IBM Releases Dataset to Help Reduce Bias in Facial Recognition Systems

IBM wants to make facial recognition systems more fair and accurate.

The company just released a research paper along with a substantial dataset of 1 million images with intrinsic facial features including facial symmetry, skin color, age, and gender.

The tech giant hopes to use the Diversity in Faces (DiF) dataset to advance the study of diversity in facial recognition and further aid the development of the technology.

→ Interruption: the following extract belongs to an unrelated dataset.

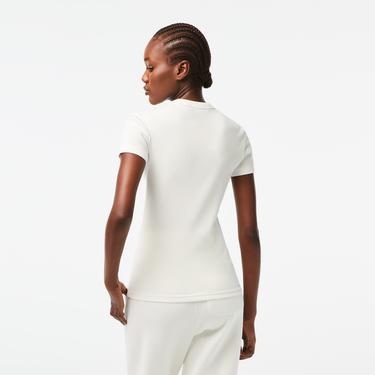  Kadın Slim Fit Bisiklet Yaka Beyaz T-Shirt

“Face recognition is a long-standing challenge in the field of Artificial Intelligence (AI),” the authors of the paper wrote. “However, with recent advances in neural networks, face recognition has achieved unprecedented accuracy, built largely on data-driven deep learning methods.”

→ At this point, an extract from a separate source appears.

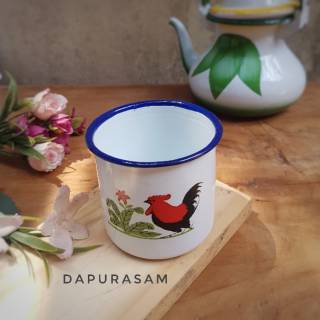 Gelas Enamel 7cm Karakter Tulisan Sablon Cangkir mug Gelas Enamel 7cm Karakter Tulisan Sablon Cangkir mug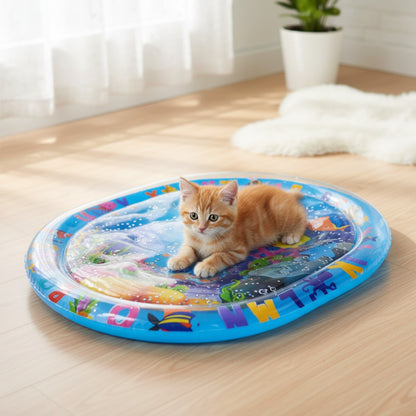 Tapis de jeu d'eau sensoriel pour chats et chiens - Jouet interactif gonflable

Lead scientist at IBM, John Smith told CNBC that many prominent datasets lack balance and coverage of facial images.

“In order for the technology to advance it needs to be built on diverse training data,” he said. “The data does not reflect the faces we see in the world.”

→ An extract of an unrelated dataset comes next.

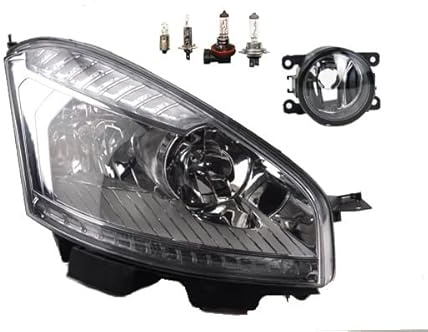 Johns, Scheinwerfer Halogen Front passend für Citroen C4 Picasso 10-13 H7 H1 Rechts + Nebelscheinwerfer + Leuchtmittel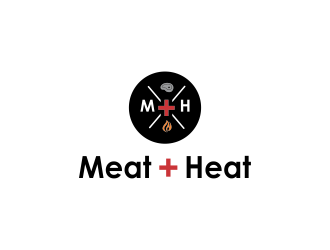 Meat [plus sign] Heat  logo design by oke2angconcept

Bias in facial recognition technology is an ongoing issue in the industry and tech companies are starting to take steps to address the problem. In December, Microsoft president, Brad Smith, wrote a company blog post outlining risks and potential abuses of facial recognition technology, including privacy, democratic freedoms, and discrimination.

The company also wrote that it is calling for new laws that regulate artificial intelligence software to prevent bias.

Joy Buolamwini, a researcher at the M.I.T. Media Lab, researched how biases affect artificial intelligence and found the technology misidentified the gender of darker-skinned women 35 percent of the time.

“You can’t have ethical A.I. that’s not inclusive,” Buolamwini said in the New York Times. “And whoever is creating the technology is setting the standards.”

IBM’s Diversity in Faces dataset is available to the public and researchers are urging others to build on this work.

“We selected a solid starting point by using one million publicly available face images and by implementing ten facial coding schemes,” they wrote in the paper. “We hope that others will find ways to grow the data set to include more faces.”